C’est dommage : "Woman of Dark Desires", seule chanson qu’ils ont osé vraiment transformer, est le moment fort de l’album. Certainement conscients qu’il leur serait IM-PO-SSIBLE d’aller plus loin dans la sauvagerie brute de cette pierre fondatrice de l’ensemble du black metal, les gars ont eu l’excellente idée de faire de l’ode à Elizabeth un morceau black/doom épique absolument fascinant. On aurait bien aimé qu’Ereb Altor inflige un traitement similaire au très raw "The Return of Darkness and Evil", mais les Suédois n’ont vraisemblablement pas osé être trop iconoclastes. Faisant une entorse ponctuelle aux règles de création de leur musique, ils sonnent presque aussi crus que le titre original, ce qui ne présente qu’un intérêt limité. Pour le reste, pas grand-chose à signaler. Le traitement épico-lyrique,vocalises incluses, ne déforme guère les titres issus de Blood Fire Death, Hammerheart ou Twilight of the Gods. Si l’on excepte la metalisation intéressante de "Song to Hall Up High", les reprises sont assez fidèles aux originaux, le timbre si spécial de Quorthon étant simplement remplacé par un chant plus classique - et plus juste donc. Cette « lyrisation » s’accorde assez bien à "Home of Once Brave" ou "Blood Fire Death". La substitution est en revanche moins réussie sur "A Fine Day to Die" où le timbre rauque du chanteur de Bathory est nettement préférable, ou sur "Twilight of the Gods", où elle rend le morceau traînant et un peu désagréable.
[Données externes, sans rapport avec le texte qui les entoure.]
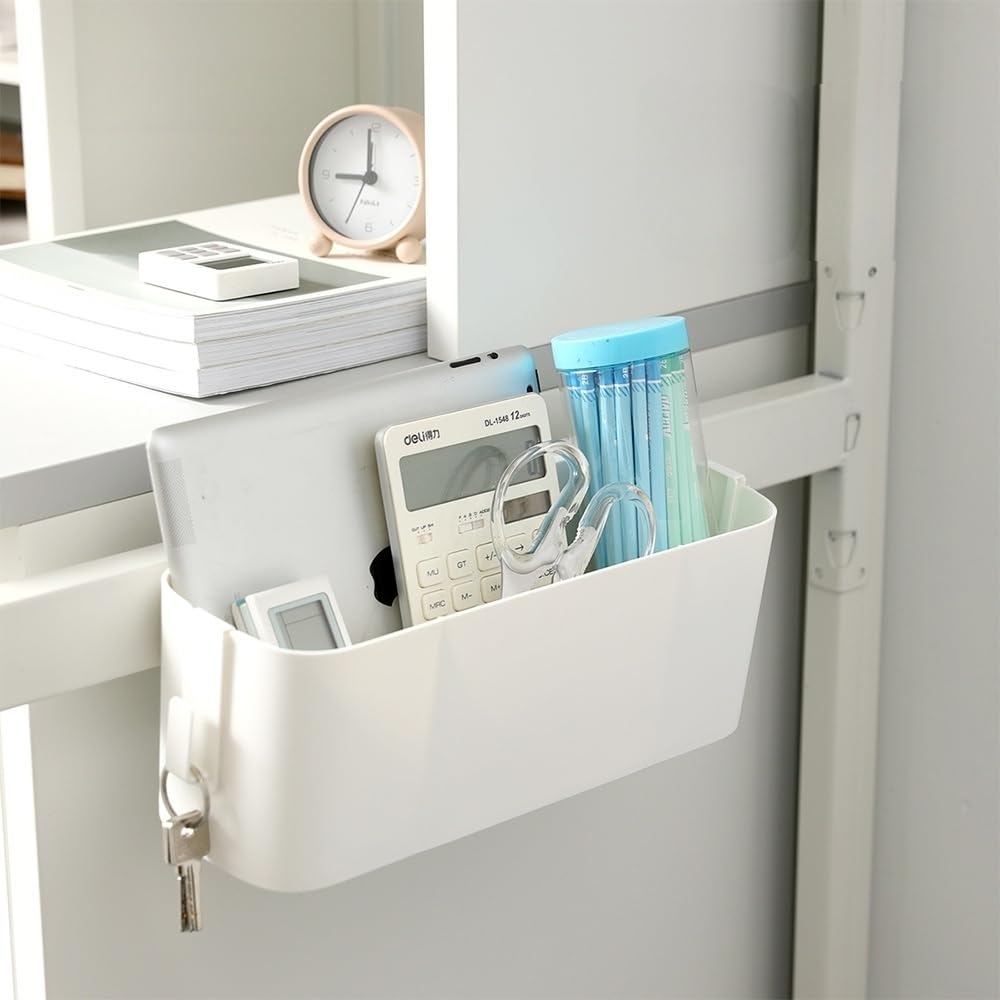 Ymeibe Bedside Caddy Hanging Basket Organizer with Hooks Dorm Bunk Beds Shelf Night Table Storage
En conclusion, Blot-Ilt-Taut aura surtout le mérite d’ouvrir une porte aux jeûnots qui ne s`étaient pas encore plongés dans l’univers musical d’un des meilleurs groupes de metal extrême de tous les temps. L’hommage à Bathory est sincère et bien exécuté, et l’on sent à quel point Ereb Altor admire l’œuvre musicale de Quorthon. Cette admiration a hélas eu des effets inhibant sur la créativité des communiants qui n’arrivent à s’élever que sur une reprise aussi surprenante qu’excellente de "Woman of Dark Desires". Intéressant mais dispensable, qualificatifs que l'on peut apposer à 95% de ce type d’œuvres.